The High Court did not provide public reasoning for their decisions in both the Wisconsin case and the Michigan case, but Justice Neil Gorsuch did dissent on the matter of Michigan. He was willing to hear the case that Kennedy should be removed from the Michigan ballots.

“In Wisconsin, he wants everyone who will listen to vote for Trump,” the Kennedy legal team said. “To aid that message, he sought to have his name removed from the ballot well before the Wisconsin Elections Commission voted to put him on the ballot and before the major parties even had to submit a candidate.”

Kennedy was successful in removing his name from the ballots in North Carolina, Georgia, Arizona, and Nevada, all key swing states that Donald Trump is seeking to win to put pressure on the Kamala Harris campaign. A win in those states puts Harris in the position of trying to sweep all the Rust Belt states.

Early Voting Complicates Anything & Everything

Many Americans point to issues like these as examples why weeks-long voting is an inherently flawed system.

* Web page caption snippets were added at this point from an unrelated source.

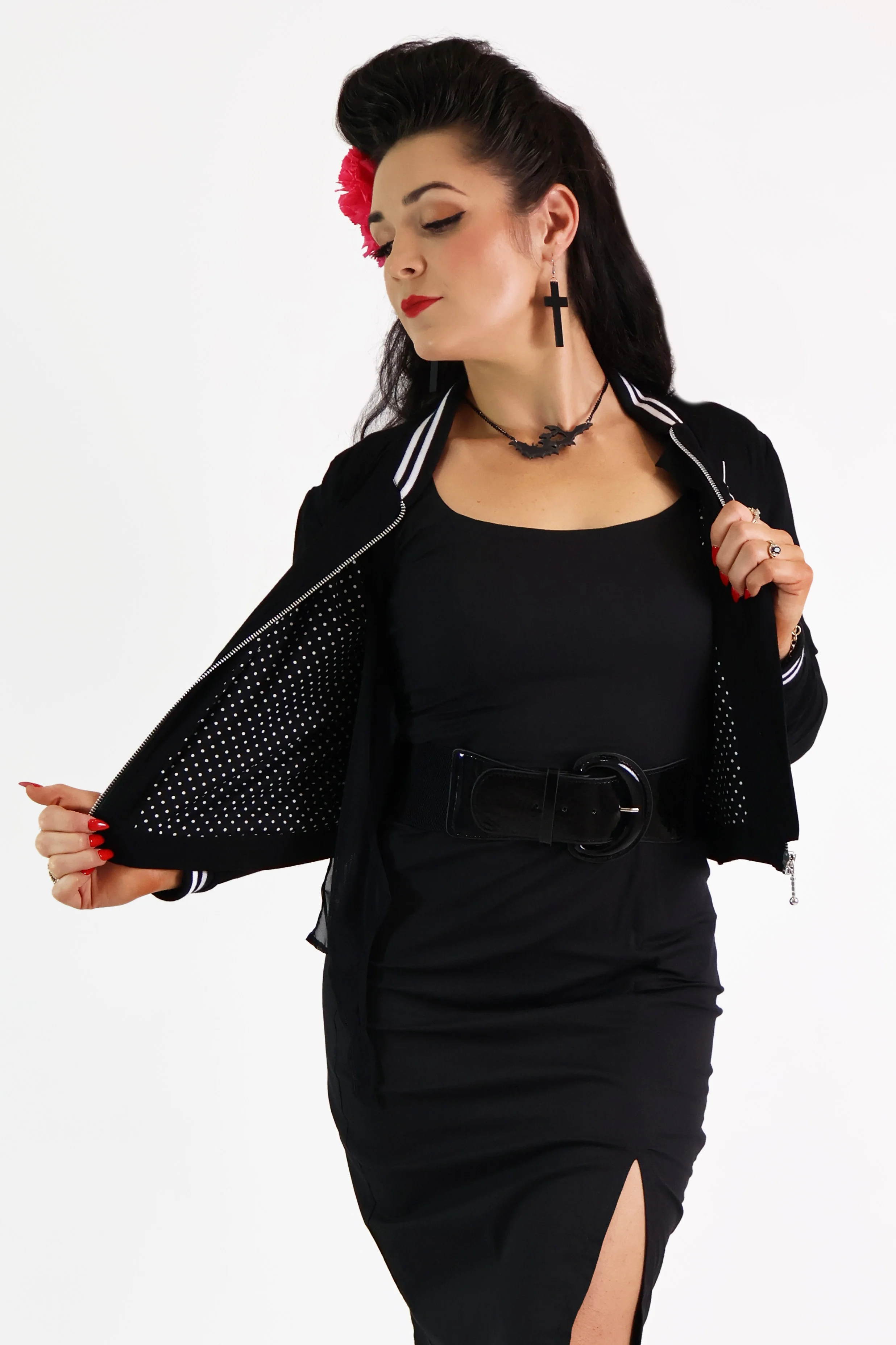 Black Widow Spiderweb Jacket - Image 5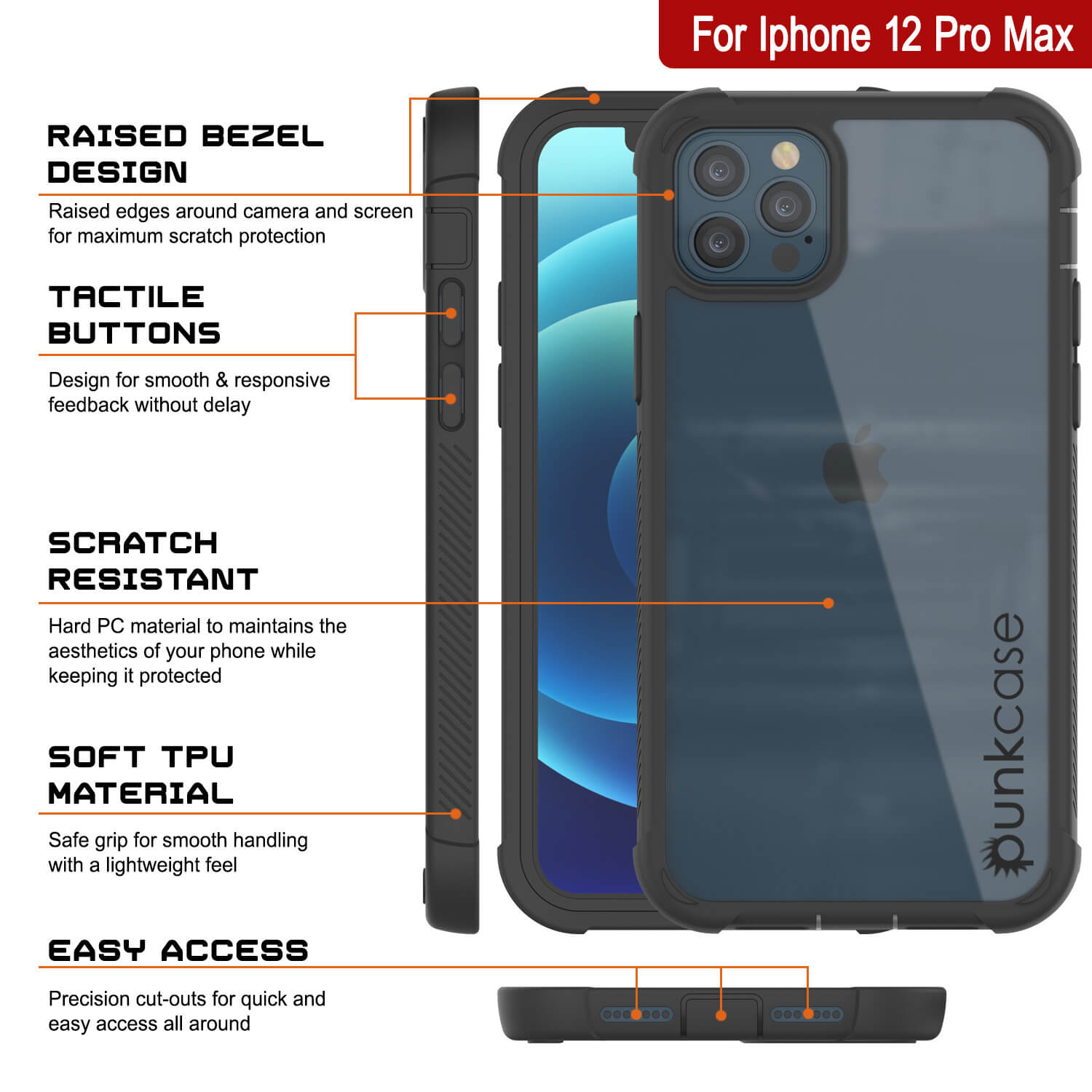 iPhone 12 Pro Max - Matte Glass Soft Edge Case – Boldacc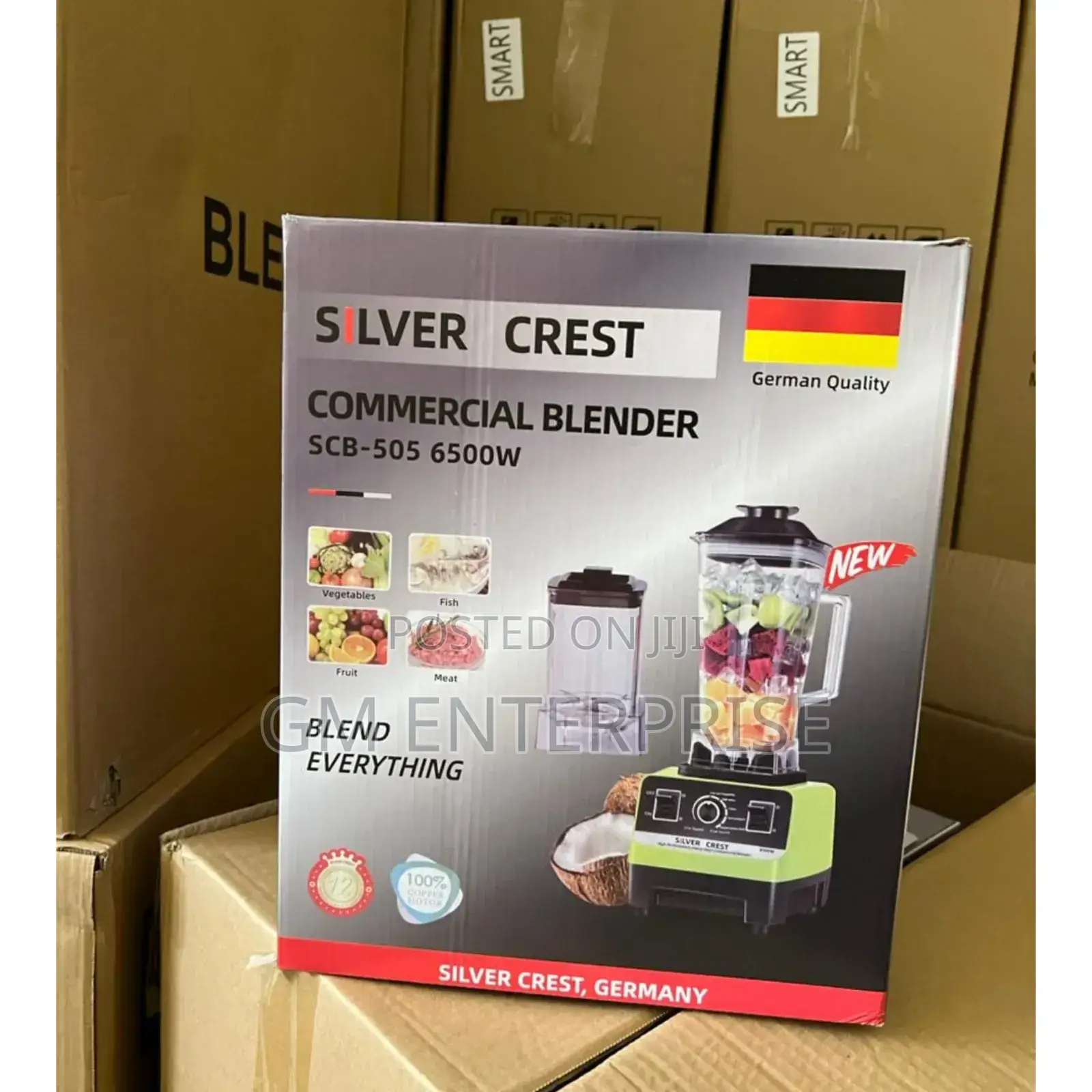 *2in1 Silver Crest Commercial Heavy Duty Blender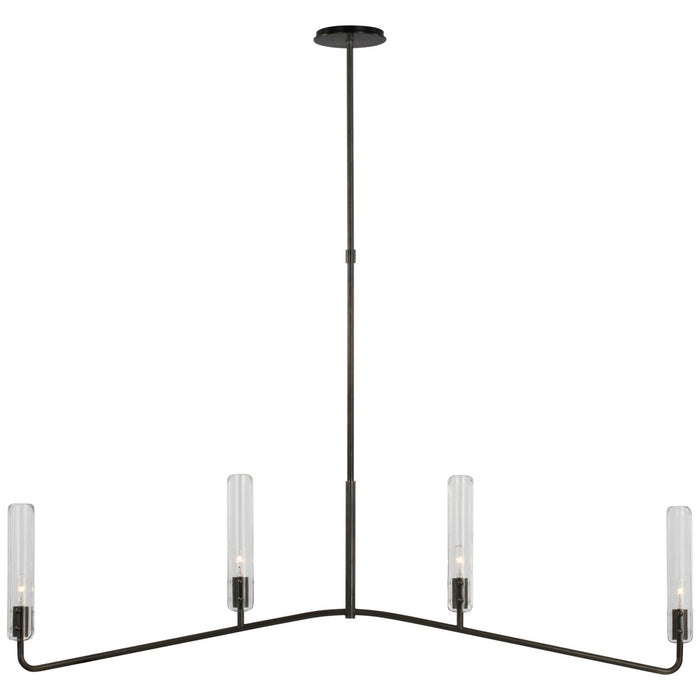 Visual Comfort Signature ARN 5510BZ-CG LED Linear Chandelier, Bronze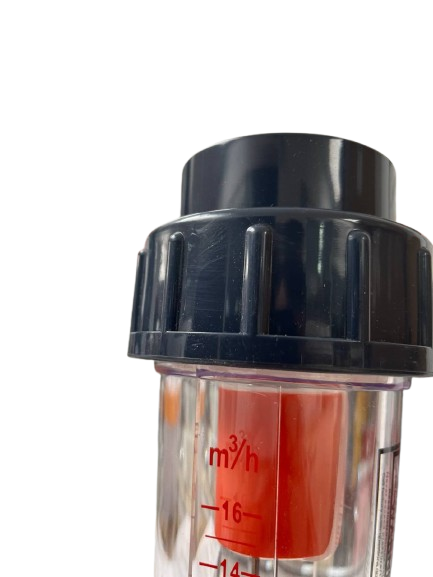 UŻYWANE Przepływomierz wody LZS-50D 1,6–16 m³/h do rury DN50 pływak ABS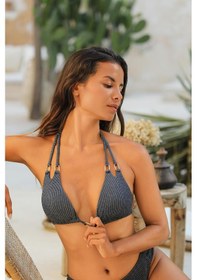 Resim Amarelle Maldives Lacivert Dolgusuz Üçgen Bikini Üst Lacivert 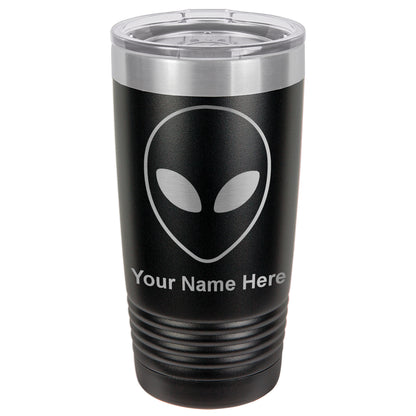 20oz Vacuum Insulated Tumbler Mug, Alien Head, Personalized Engraving Included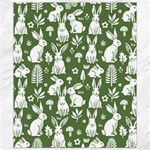 Easter bunny pattern Canvas 8  x 10 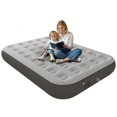 thumbnail image 1 of Full 10" Top Flocking Air Mattress with Built-in Pump Raised Comfort,Fast Inflation/Deflation Foldable Portable Air Bed with Storage Bag for Home,Camping,Guests Grey, 1 of 7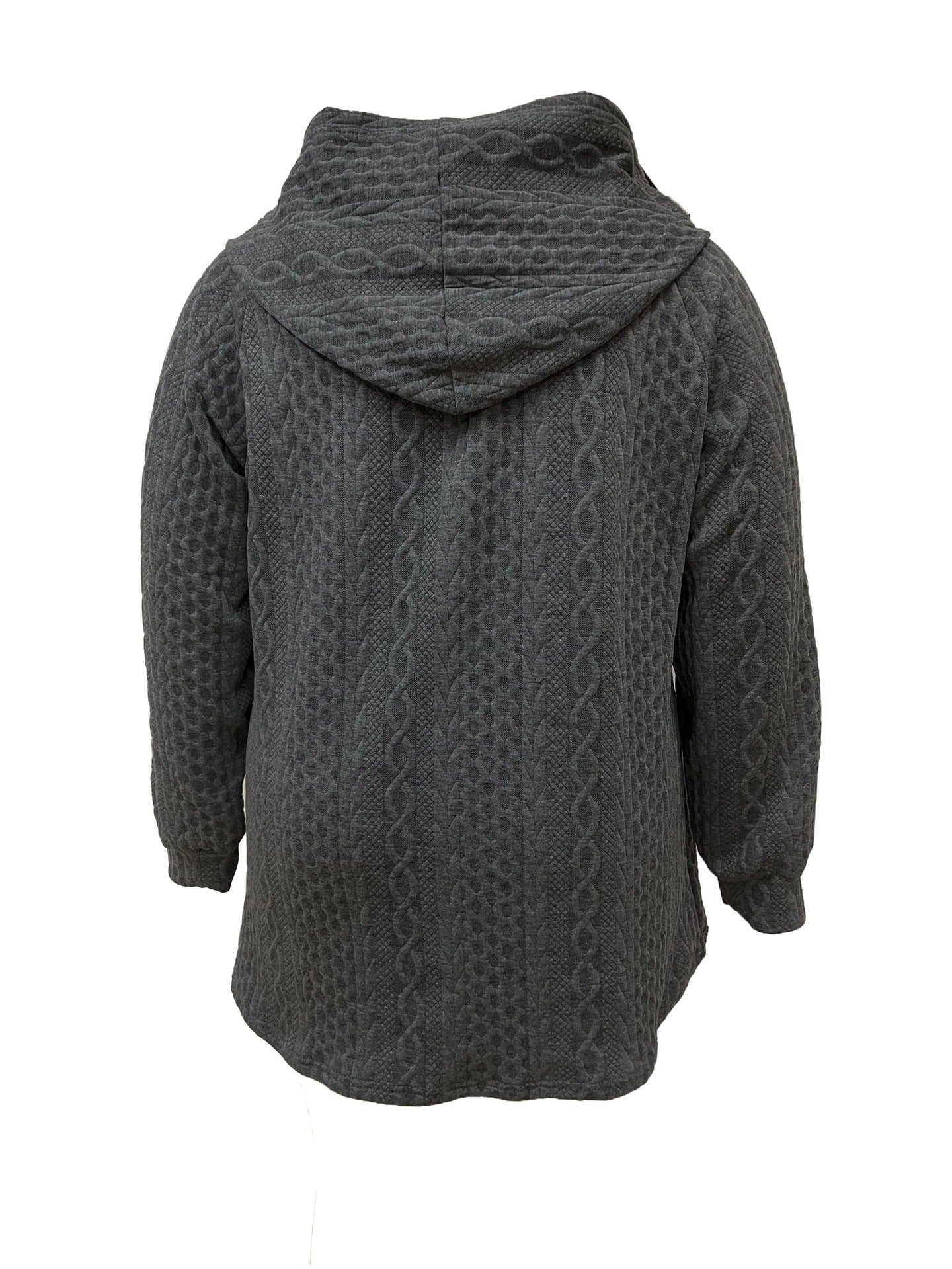 Solid Color Loose Zip Hoodie | Tajstylo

You run into situations in which ballots are being printed with candidates who are not running anymore, which opens up the possibility for unintentional throw-away votes if voters happen to be unaware that their first pick is no longer running.

In fact, in the state of North Carolina, the state Supreme Court ruled that the state must destroy the ballots that had RFK Jr.’s name on them because he was no longer running for office. The new ballots would no longer have his name on them and RFK-interested voters would have to either sit this election out or vote for another candidate.

It seems odd to many Americans that some states were willing to comply with the request to remove RFK from the ballots, while other states decided to keep him on it for procedural reasons. That’s the concern with a weeks-long voting period.

Polls and surveys indicate that most Americans would prefer a single day when Americans go to cast their ballot. That, along with a more transparent ballot counting system that keeps Americans up-to-date in real-time rather than once every dozen hours or so when the election officials release new data.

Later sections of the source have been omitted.